Since the transmission had to be torn all apart to install the Spicer 18 adapter from Advanced Adapters, I had Dave, my transmission guy, install new clutches and replace any other parts that were worn. The kit includes a new output shaft, a spud shaft with the 6 spline output for the Spicer 18, some bearings, a rear output bearing retainer, assorted o-rings, snap rings, and seals, and a machined plate to bolt the Spicer 18 to the Turbo 350.
I picked up the transmission at Dave's shop and went home to bolt it up. When I tried to bolt on the transfer case, it wouldn't go on because I had a small hole Spicer 18 and the Dave had installed the big hole rear bearing retainer. It turned out the kit from Advanced Adapters only had the big hole bearing retainer in it. I called A/A and they told me I could use the stock bearing retainer for the small hole transfer case.
My buddy Tom Hackle gave me the bearing retainer from a shelled out T-90 and I ran back to Dave's shop to get the correct retainer installed. He switched it around in a matter of minutes. The good part about this little mix up is I know have the big hole bearing retainer, so if I end up swapping on a big hole Spicer 18 or a Dana 20, all I have to do is swap the retainer. If you have a stock T-90 that you can take the bearing retainer from, you'd be better of ordering the big hole version of the adapter. This will make you more flexible for future swaps.
I had to purchase a new torque converter since the transmission I bought didn't have one. According to my transmission guy, it is important to match the torque converter with the engine. Appartently, there are subtle differences between the Chevy and Buick torque converters.

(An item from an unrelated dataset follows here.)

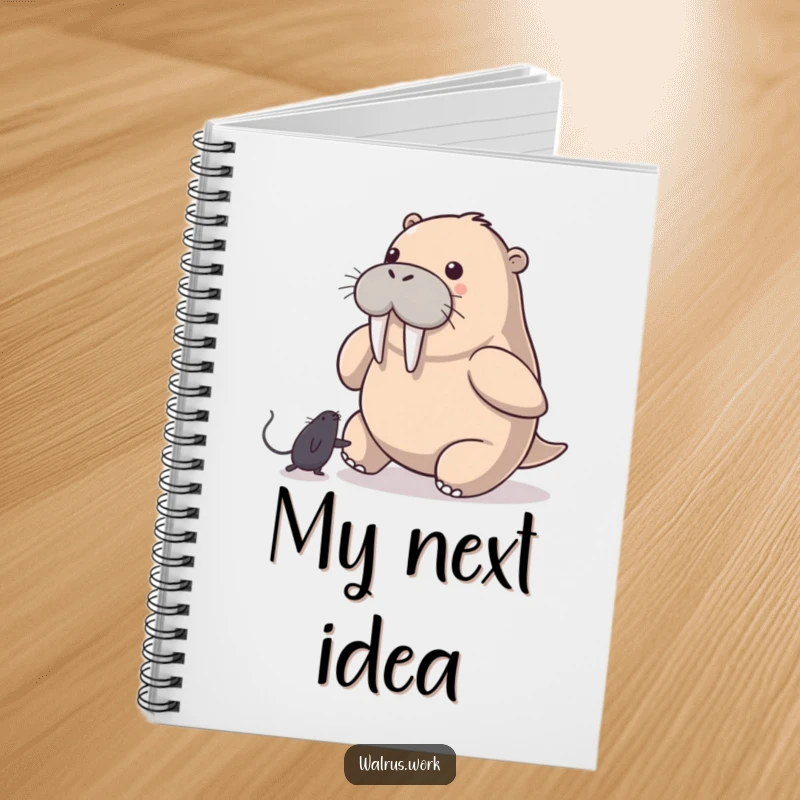 Funny Walrus Notebook: An enthusiastic walrus chases a computer mouse pointer, bringing humorous tech-inspired fun to this note-taking companion.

Installation was a breeze. I just bolted the torque converter in place, slid on the transmission, and bolted it up.
Transmission Mount: The kit from Advanced Adapters includes a transmission mount and a little adapter for the transmission mount. This worked great with my Commando frame and stock Commando cross member. I drilled new holes in the cross member to work with the new engine and transmission combination.
|Turbo 350 installed|
The cross member used in the '73 Commando is almost identical to the cross member used in the '50 CJ-3A frame that was originally under my Jeep. The Commando one had some bends in it that gave better clearance for the transfer case, so I decided to use it.
The style of cross member used on these older Jeeps is simple and easy to work with, but they hang down a lot lower than necessary. Eventually, I'll fabricate my own cross member and skid plate that will provide better clearance.

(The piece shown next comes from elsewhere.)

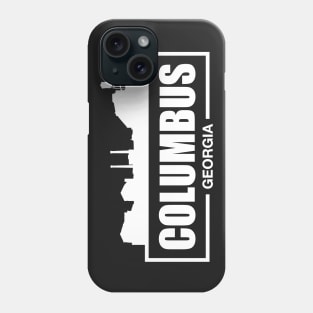 Columbus Georgia Downtown City Skyline Riverwalk Silhouette T-Shirt Phone Case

Hook Up: There are two things that control the transmission, vacuum and the kick down cable. A vacuum line runs from the manifold to the governor on the back of the transmission. There was a small line on my engine that appeared to be used for this purpose, so I hooked up the vacuum to this line. The kick down cable runs to the throttle linkage on the carburetor. Since my engine had an automatic before, it was a simple matter to hook this up.

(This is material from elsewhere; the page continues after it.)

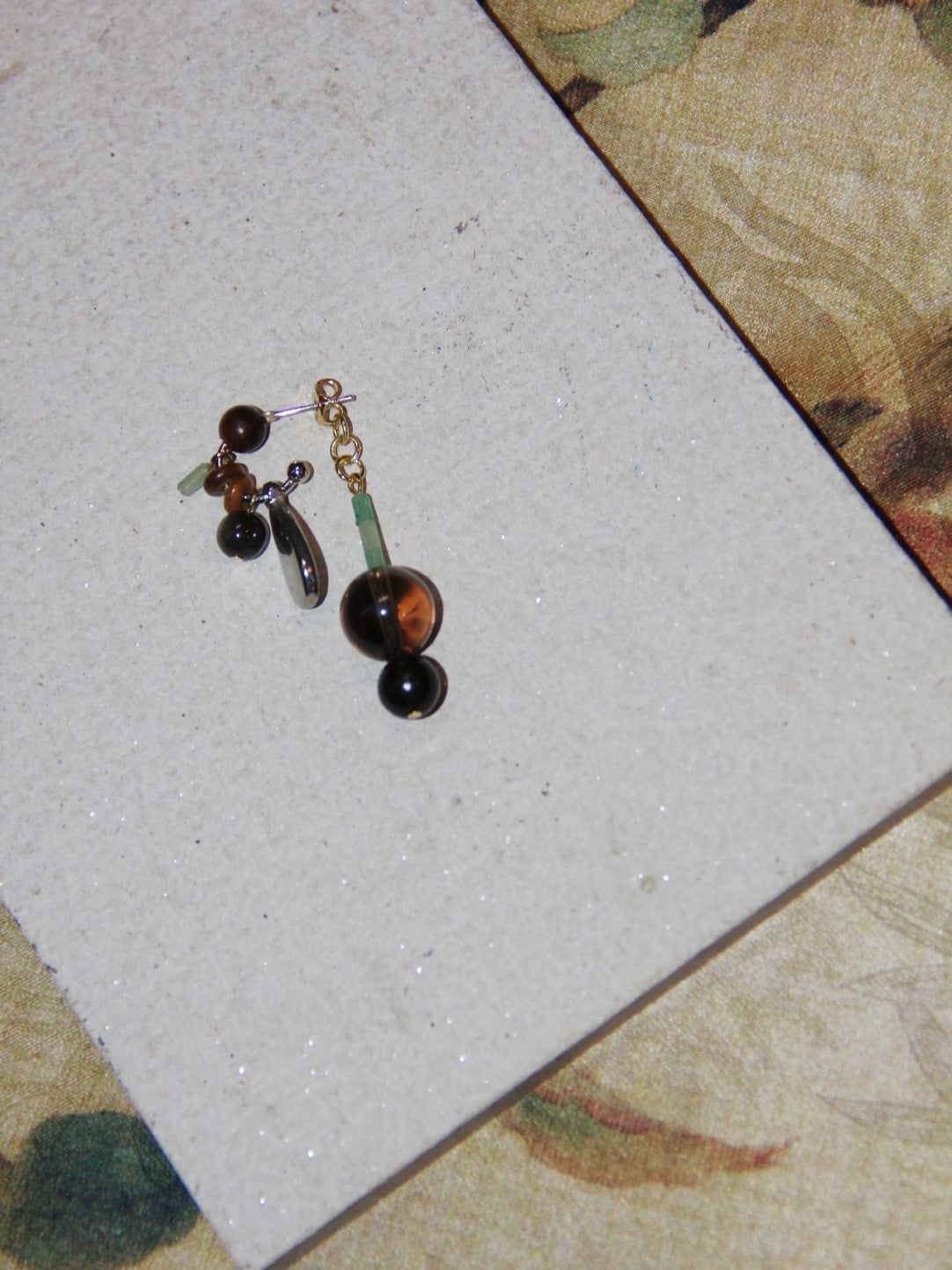 「Chinoiserie」Sandalwood Beaded Brown Drop Earrings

Cooling: Keeping the temperature down for an automatic transmission is crucial to prevent damage. Four wheeling tends to be hard on an automatic transmission as well, so the capacity to keep it cool needs to be greater than it would be on a normal car. Since my radiator did not have a tank, I used two 7.5"x15.5"x3/4" oil coolers mounted in front of the radiator. If these don't provide sufficient cooling, I'll install either a larger cooler yet or go with an external oil cooler that runs off coolant.
I don't have any real shift linkage for the transmission yet, but I was able to shift the transmission through the gears when I fired up the engine. It seems to shift through all the gears manually with no complaints, but it is hard to see how it will shift until it is under load. The shift points can be modified later if I need to.